23 Mart 2007 Cuma

Gerici tiyatro ayaklanması

İvedi bir durumla karşı karşıyayız!...

Olayın önemi ivedilik taşıdığından, şimdilik yorumsuz yayımlıyoruz:


BEYOĞLU'NDA HANGİ OYUN BAŞLIYOR !

BU BİR GREV KIRICILIĞI VE TİYATRO DÜNYASINA İHANET Mİ?


Şu an tarih 23 mart 2007/ saat 01:20 mail kutumuza apar topar bir e-mail düştü. Bu yangından mal kaçırırcasına hazırlanmış bir etkinliğin içeriğine geçmeden 2007 Dünya Tiyatro Günü öncesini hatırlatalım:

Bu yıl ilk olarak neredeyse 1 ay önceden Gençlik Tiyatroları Oluşumu:

"Artık salonlarda 27 Mart kutlaması istemiyoruz ve biz Dünya Tiyatro Günü'nü bu yıl sokaklarda kostümlerle, halka maskeler takarak kutlayacağız, tiyatroyu halka götüreceğiz"

şeklinde yeni bir tavır belirledi çıkış yaptı ve 25 Mart'ı Taksimde kutlama günü ilan etti. Bunun ardından AKM'nin ve Şehir Tiyatroları Harbiye Sahnesi'nin yıkım haberleri ile sarsılan tiyatro dünyası bugüne dek görülmemiş çabuklukta ve sayıda organize oldu tam 16 Tiyatro, sanat derneği yada kuruluşu bir araya geldi, buna sendikalar, sivil toplum kuruluşları destek verdi ve eşi görülmedik bir birliktelikle 25-26-27 mart tarihlerinde Hükümetin, belediyenin sanata karşı tavrını kınayacak, tiyatro salonlarının yıkımlarını protesto edecek, ama sanatçı duyarlılığı ile şarkılı, aryalı, oyunlarla bezeli, tiyatro gününü de kutlayacak bir organizasyon için seferber olundu.
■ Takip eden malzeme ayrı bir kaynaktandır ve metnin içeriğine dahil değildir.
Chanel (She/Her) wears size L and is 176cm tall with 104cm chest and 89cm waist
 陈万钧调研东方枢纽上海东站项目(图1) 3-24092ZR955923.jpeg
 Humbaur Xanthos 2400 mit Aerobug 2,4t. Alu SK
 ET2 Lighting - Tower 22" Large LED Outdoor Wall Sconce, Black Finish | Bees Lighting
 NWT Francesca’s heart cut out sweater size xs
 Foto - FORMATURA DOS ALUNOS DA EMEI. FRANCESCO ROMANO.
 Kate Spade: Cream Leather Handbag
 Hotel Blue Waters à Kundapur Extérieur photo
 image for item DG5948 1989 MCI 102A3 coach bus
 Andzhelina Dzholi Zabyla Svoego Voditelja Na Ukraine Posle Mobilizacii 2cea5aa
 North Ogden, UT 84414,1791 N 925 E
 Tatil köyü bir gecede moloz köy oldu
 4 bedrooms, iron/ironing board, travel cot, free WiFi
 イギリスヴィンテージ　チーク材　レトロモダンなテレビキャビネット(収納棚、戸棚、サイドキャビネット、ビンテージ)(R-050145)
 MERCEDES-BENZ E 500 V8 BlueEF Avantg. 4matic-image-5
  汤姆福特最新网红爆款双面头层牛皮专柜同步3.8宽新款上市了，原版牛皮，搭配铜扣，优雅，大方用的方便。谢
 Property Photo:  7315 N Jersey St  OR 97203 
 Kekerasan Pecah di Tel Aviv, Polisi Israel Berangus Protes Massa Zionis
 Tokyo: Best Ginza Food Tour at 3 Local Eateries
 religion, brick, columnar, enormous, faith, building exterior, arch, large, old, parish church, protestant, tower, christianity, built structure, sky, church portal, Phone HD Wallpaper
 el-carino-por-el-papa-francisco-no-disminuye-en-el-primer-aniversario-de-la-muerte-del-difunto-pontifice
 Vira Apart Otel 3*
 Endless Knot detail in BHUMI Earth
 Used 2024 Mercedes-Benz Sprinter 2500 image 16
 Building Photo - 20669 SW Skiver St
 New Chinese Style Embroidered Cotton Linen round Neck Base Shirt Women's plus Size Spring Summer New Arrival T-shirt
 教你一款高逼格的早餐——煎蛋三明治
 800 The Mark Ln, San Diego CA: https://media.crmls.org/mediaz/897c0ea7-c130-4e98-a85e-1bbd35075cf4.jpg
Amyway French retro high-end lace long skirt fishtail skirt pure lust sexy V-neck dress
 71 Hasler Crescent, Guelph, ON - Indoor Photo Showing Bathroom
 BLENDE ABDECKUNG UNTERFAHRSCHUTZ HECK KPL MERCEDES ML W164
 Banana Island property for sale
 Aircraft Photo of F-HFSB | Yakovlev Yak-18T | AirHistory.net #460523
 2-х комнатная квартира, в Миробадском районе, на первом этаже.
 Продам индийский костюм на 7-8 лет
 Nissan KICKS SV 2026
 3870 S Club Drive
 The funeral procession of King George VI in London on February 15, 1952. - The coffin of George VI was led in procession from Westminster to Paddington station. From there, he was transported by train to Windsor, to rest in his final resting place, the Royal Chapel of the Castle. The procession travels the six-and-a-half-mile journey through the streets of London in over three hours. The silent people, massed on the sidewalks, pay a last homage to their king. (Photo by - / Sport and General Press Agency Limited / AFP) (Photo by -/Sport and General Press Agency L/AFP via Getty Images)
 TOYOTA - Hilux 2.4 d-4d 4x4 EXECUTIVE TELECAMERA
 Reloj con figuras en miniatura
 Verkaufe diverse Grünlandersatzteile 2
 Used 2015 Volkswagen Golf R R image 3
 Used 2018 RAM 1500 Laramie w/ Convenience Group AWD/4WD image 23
Bütün tiyatro dünyasını heyecanlandıracak kadar güzel bir kenetlenme başladı. Bu kez medyanın da tiyatrocuları görmezden gelmesi olanaksızdı. Buraya dek her şey iyi gelişti.

BÜTÜN TİYATRO DERNEKLERİ VE TİYATROSEVERLER KARANLIK AMAÇLI SALON YIKICILARA KARŞI KENETLENİRKEN APAR TOPAR BİR ORGANİZASYONA ALET OLANLAR BU KENETLENMEYİ KIRMAK MI İSTİYOR?

Ama işte bir saat kadar önce, apar topar hazırlanmış olduğunu düşündürten bir 27 Mart organizasyonunun, yine apar topar bir gün kala çekilmiş "aman etrafınızda herkese duyurun" ibareli gelen e-mailleri mail kutularımıza düşmeye başladı. Adeta grev kırıcılığı amaçlı, bunca tiyatro ve sanat örgütünün ortak eylemini gölgeleme amaçlı, medyanın tiyatroya oluşacak ilgisini gölgeleme ve kendine çekerek, medya ve halk ilgisini boğma amaçlı bir organizasyon yapılıvermişti.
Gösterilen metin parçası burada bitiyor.